### Brief
Your task is to output the listing word for word, with pictures excluded.

### Provided data

□ □ □ □ □

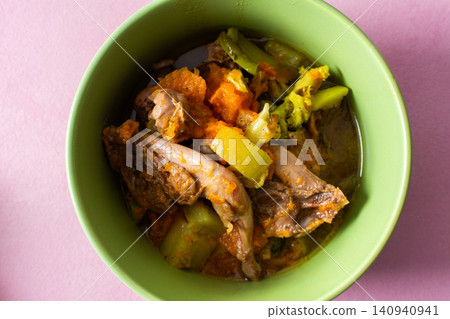 A bowl contains stewed quail mixed with fresh vegetables such as carrots, broccoli, and zucchini. This meal is prepared for breakfast or lunch and offers protein and nutrition A bowl contains stewed quail mixed with fresh vegetables such as carrots, broccoli, and zucchini. This meal is prepared for breakfast or lunch and offers protein and nutrition 140940941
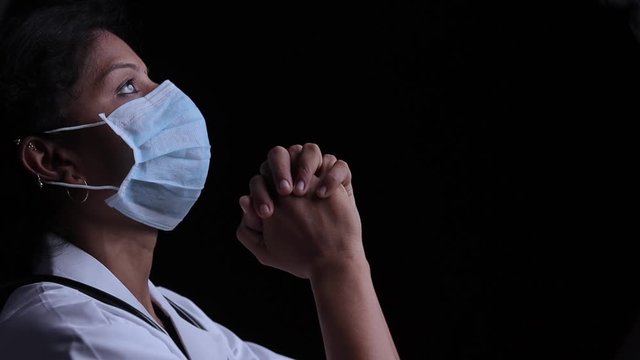 Profile view of young woman doctor in medical mask praying to god on black background looking up - concept of hope and fight to end coronavirus or covid-19 crisis.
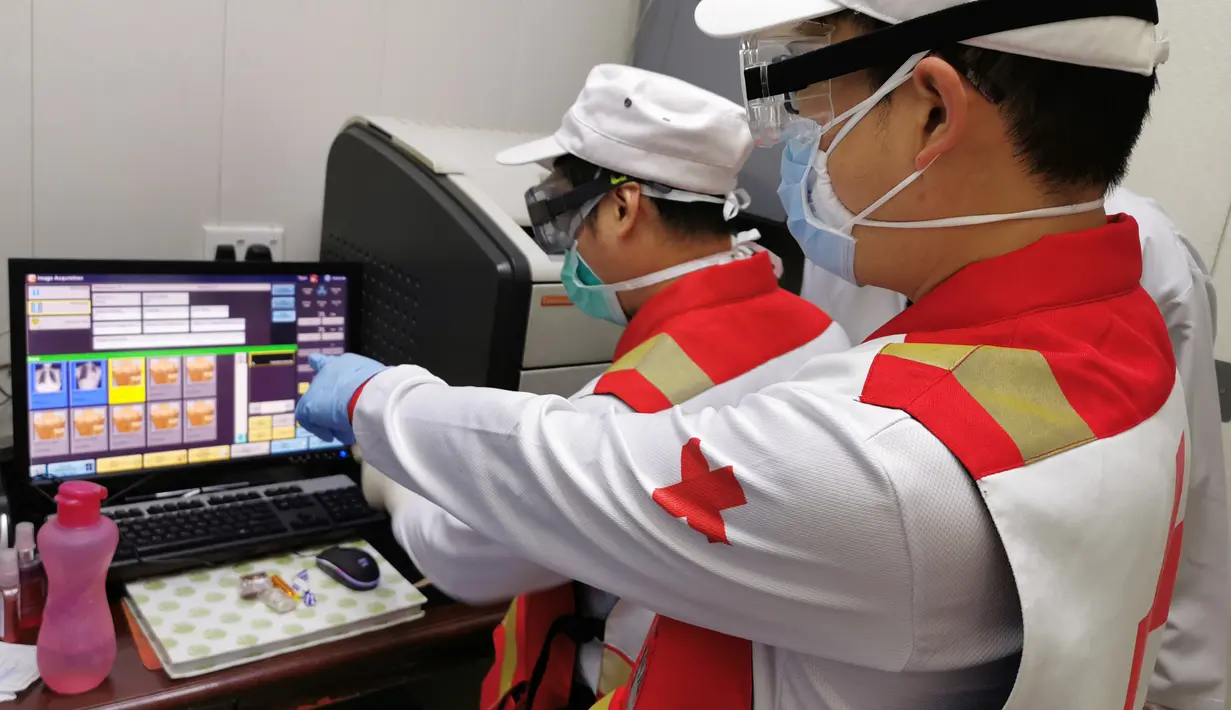 Anggota tim pakar medis China, Chen Huai (depan) dan Ai Hexu memeriksa citra tomografi terkomputasi dada di Baghdad, Irak, Senin (30/3/2020). Sejak 7 Maret lalu, tujuh pakar medis China bekerja sama dengan tenaga ahli lokal di Irak untuk memerangi epidemi virus corona COVID-19. (Xinhua)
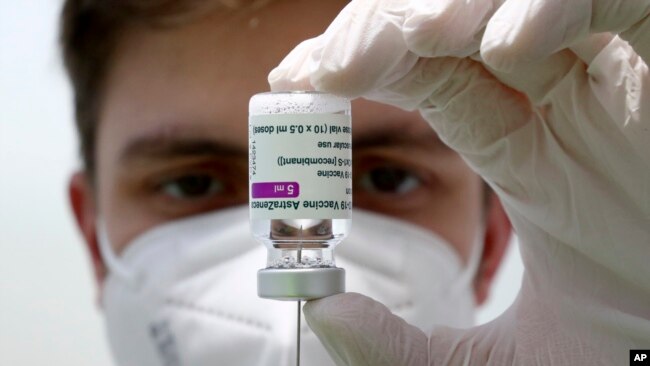 FILE: Medical staff prepares a syringe from a vial of the AstraZeneca coronavirus vaccine during preparations at the vaccine center in Ebersberg near Munich, Germany, March 22, 2021.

□ □ □ □ □

### Exercise answer
 A bowl contains stewed quail mixed with fresh vegetables such as carrots, broccoli, and zucchini. This meal is prepared for breakfast or lunch and offers protein and nutrition A bowl contains stewed quail mixed with fresh vegetables such as carrots, broccoli, and zucchini. This meal is prepared for breakfast or lunch and offers protein and nutrition 140940941
 Profile view of young woman doctor in medical mask praying to god on black background looking up - concept of hope and fight to end coronavirus or covid-19 crisis.
 Anggota tim pakar medis China, Chen Huai (depan) dan Ai Hexu memeriksa citra tomografi terkomputasi dada di Baghdad, Irak, Senin (30/3/2020). Sejak 7 Maret lalu, tujuh pakar medis China bekerja sama dengan tenaga ahli lokal di Irak untuk memerangi epidemi virus corona COVID-19. (Xinhua)
 FILE: Medical staff prepares a syringe from a vial of the AstraZeneca coronavirus vaccine during preparations at the vaccine center in Ebersberg near Munich, Germany, March 22, 2021.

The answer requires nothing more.